兄妹二人听得,相继顾看,均是莞尔一笑。公子道:“进弟,别闹他啦,也不知是个甚么物什,你拆来与他瞧瞧便是。”哪知刘进出神听公子说话这会,那柳宗元左足一点山路,竟跃起一丈来高,哆的一声,将刘进手中的包裹夺去,然后身子后翻,翻个筋斗跃下。
刘进微恼,骂道:“好个调皮的机灵鬼,瞧你二爷我怎生处置你。”身子一倾,左足疾出,往柳宗元落地的方向赶去。兄妹两人在一旁瞧得有趣,相视大笑,公子清一清嗓子,唤道:“进弟,宗元,别皮啦,快些上马,再不走就要睡荒郊野岭喽。”但二人玩心既起,哪管兄长诸多呼唤,一个在前头跑,一个在后头赶,各逞绝技,尽展本事。
暮色渐笼,苍茫一片,只见两只蝴蝶在山间戏舞,北风朔骤,满山萧意,登时增色不少,两人吆吆喝喝,嘻嘻哈哈,混合风声普成一曲优美的乐章。公子摇摇头,眼见天色已晚,瞧来今天是走不成啦,只好在此暂歇一宿。当即和妹妹揽绳驱马,逐它们去杂草多的所在放牧,任其自由,又择了一处山坳,燃起篝火,挡避风寒。
刘进与柳宗元追逐多时,想不到这孩子从公子处吸得诸多内力,又配合逍遥派的轻功妙法,这刘进竟然追他不上。说好听一些,勉强打个平手,若说刺耳,已然败了他几分。但刘进也颇有傲骨,自认家传剑法与内功心法,修习多年,已略有小成,如今输给一个孩子,怎肯甘心,略提气,将功力催加至顶级。
柳宗元一面跑,一面咯咯直笑,他的声音稚嫩,声如鸠莺,非常盈耳。此子身法又快,只奔一个来回,漫山遍野尽是他的得意。他越奔越喜,自爷爷过世之后,许久都不曾这般开心了,难得这二表哥这等好玩,岂不耍他个痛快。
眼见天空黑色笼罩下来,急寻兄长和姊姊的身影,不料步子才顿得一顿,就觉背后风声使然,心底忙吃了一惊,知道二表哥已把功力提升至最高境界,胸中一动,有心逗他一逗,转身道:“二哥,你忒也小气,借我瞧瞧都不行。好吧,这便还你!”将长布包往前一送。
刘进大吃一惊,他使足了力气去追赶宗元,哪料此子突然停下,而且还把那重得要命的东西伸来。他如今的速度堪比流星,如此不正是把自己的身躯往他哪里送吗?惊骇之下,急收气止步,想要停下来,还好老天保佑,在与那布包尚有半寸距离之时,双脚煞然止了。

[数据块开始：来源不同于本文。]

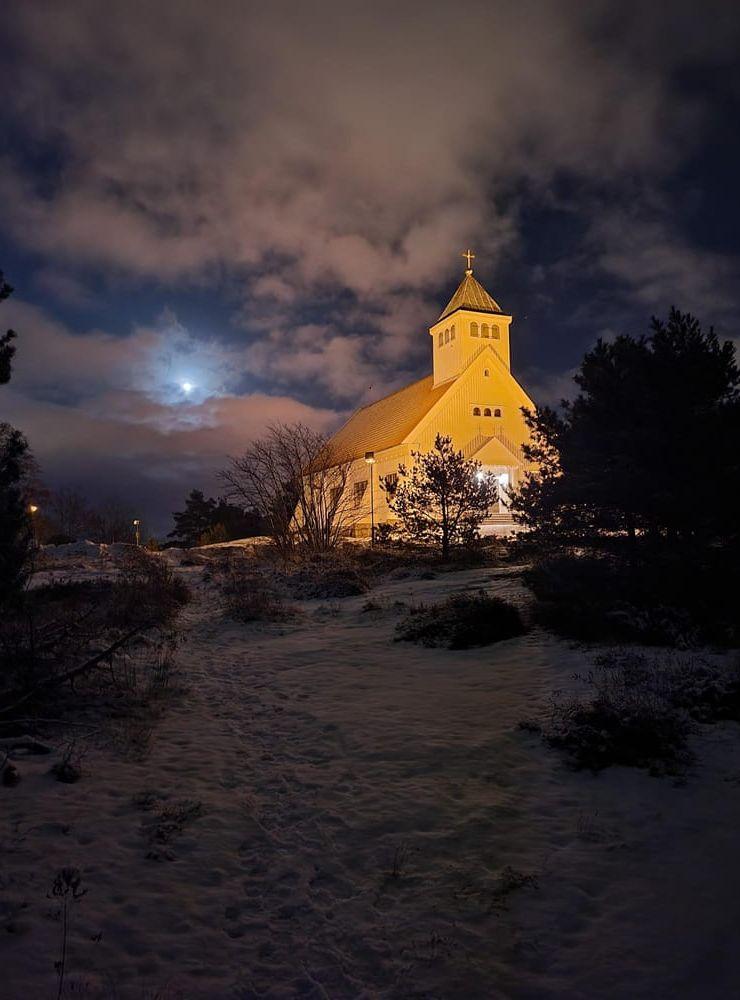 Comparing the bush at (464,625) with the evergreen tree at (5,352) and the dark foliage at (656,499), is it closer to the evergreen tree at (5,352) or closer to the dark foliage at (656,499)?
the dark foliage at (656,499)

他不觉松了口气,心欢喜着,哪知由于惯性使然,身子不受控再往前一送,登时脸色变僵,那虎口剧痛不已。柳宗元嘻嘻一笑,小手一转,即把布包收回,刘进忿忿咬牙,不给他得逞,当下奋力一抓,生生就把那布给扯住了。
柳宗元眉心一皱,却也不惊慌,使劲一扯。两力相持之下,忽听撕的一声,那长布顿断为二,里头露出一个亮幌幌的物什。二人不觉一怔,柳宗元干脆褪去剩下那半截碎布。二人又是一惊,眼珠子里都是雪亮,只见一柄宝剑现在跟前。

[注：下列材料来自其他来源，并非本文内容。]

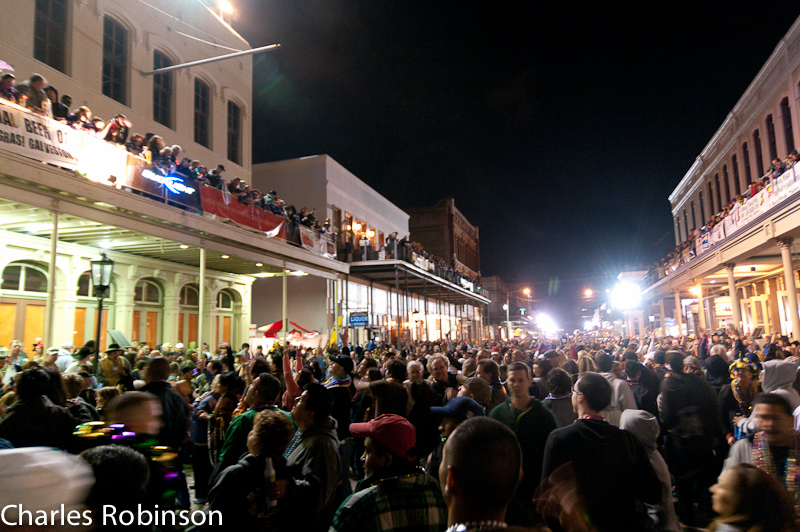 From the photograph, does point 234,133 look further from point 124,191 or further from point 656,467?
point 656,467

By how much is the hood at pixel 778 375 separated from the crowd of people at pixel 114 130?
12159 mm

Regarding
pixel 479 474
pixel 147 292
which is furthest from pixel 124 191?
pixel 479 474

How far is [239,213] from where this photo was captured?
1513 centimetres

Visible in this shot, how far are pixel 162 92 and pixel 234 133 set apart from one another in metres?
4.41

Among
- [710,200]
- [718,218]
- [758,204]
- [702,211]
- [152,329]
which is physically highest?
[710,200]

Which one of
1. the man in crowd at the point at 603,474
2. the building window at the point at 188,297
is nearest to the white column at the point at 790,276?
the man in crowd at the point at 603,474

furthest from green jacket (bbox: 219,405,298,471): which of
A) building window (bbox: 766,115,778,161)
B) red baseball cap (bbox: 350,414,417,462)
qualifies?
building window (bbox: 766,115,778,161)

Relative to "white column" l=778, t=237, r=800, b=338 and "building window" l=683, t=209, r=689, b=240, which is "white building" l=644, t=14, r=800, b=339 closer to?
"white column" l=778, t=237, r=800, b=338

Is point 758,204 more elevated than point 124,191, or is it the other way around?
point 758,204

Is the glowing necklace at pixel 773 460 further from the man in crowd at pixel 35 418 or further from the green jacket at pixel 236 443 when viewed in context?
the man in crowd at pixel 35 418

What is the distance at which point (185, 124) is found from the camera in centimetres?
1869

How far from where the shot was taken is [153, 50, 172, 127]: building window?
693 inches

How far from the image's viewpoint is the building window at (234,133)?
2200 cm

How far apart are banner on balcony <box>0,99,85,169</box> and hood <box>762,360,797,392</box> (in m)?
11.8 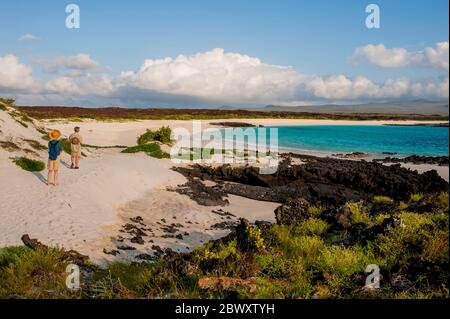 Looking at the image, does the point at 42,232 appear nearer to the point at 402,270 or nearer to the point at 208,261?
the point at 208,261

刘进怔了半响道:“这……这不是萧哥的雪……雪剑么?”柳宗元也赞:“果然是好剑!”兴奋之下,小手一握剑柄,居然唰的一声,拔出了半寸,不久又响一声,继续拔出三寸。刘进瞧得骇然,心想:“不是说天底下这剑只有萧哥一人可以拔出么,那么这小鬼如何有此能耐?”转念又想,却才恍然:“哦,是了,这柄剑一定是假。”念此,便道:“宗元,别玩了,剑是假的。”
柳宗元不听,面上带喜,满是玩味,唰的一声,那剑全部出鞘。刘进只觉冷意加剧,不自觉身子一抖,柳宗元亦是门牙一颤。他从未使过真剑,公子教他剑法之时,也是以树枝替代,如今宝剑在手,岂能不心痒,嘻嘻一笑,嘴里嚷道:“二哥,接招!”剑尖斜撩,望刘进点去。

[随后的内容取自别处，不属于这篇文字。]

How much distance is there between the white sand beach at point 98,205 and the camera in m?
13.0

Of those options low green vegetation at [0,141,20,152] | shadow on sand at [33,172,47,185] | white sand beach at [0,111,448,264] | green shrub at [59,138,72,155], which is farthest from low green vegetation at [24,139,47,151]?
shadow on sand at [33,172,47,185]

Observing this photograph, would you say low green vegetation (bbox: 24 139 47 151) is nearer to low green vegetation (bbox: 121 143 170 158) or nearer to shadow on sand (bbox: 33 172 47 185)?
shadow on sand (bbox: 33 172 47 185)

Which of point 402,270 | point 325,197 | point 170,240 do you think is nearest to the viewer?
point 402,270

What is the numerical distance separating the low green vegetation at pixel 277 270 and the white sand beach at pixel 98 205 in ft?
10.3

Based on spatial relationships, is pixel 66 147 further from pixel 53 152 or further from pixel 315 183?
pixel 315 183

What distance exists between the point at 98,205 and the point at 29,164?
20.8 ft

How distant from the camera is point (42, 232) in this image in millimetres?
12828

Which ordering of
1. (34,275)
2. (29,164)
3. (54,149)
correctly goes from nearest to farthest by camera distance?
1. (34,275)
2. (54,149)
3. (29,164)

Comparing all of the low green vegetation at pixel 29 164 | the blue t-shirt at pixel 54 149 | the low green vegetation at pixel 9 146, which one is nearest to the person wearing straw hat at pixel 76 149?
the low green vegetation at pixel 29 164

这刘进忙唬了个惊心,毕竟战经多场,颇有经验,虽惊却也不慌。眼见宝剑刺来,并伴有丝丝寒意,不自觉打了个哆嗦,身子左闪,就让了开去。柳宗元一招使出,亦感手心冷如冰,险些把握不住,颤巍巍回转,往刘进身子直削。
刘进想:“这剑不是假的么,怎会有寒气,难道我看走了眼,竟是真。倘若如此,仲逍遥把真剑还萧哥,又是个甚么用意?”不及想,听朔风扑面,身子疾往后掠去,口里嚷道:“宗元,快将剑收起来。”柳宗元嘻嘻一声,笑道:“我不!”步子跟进,挺剑前刺。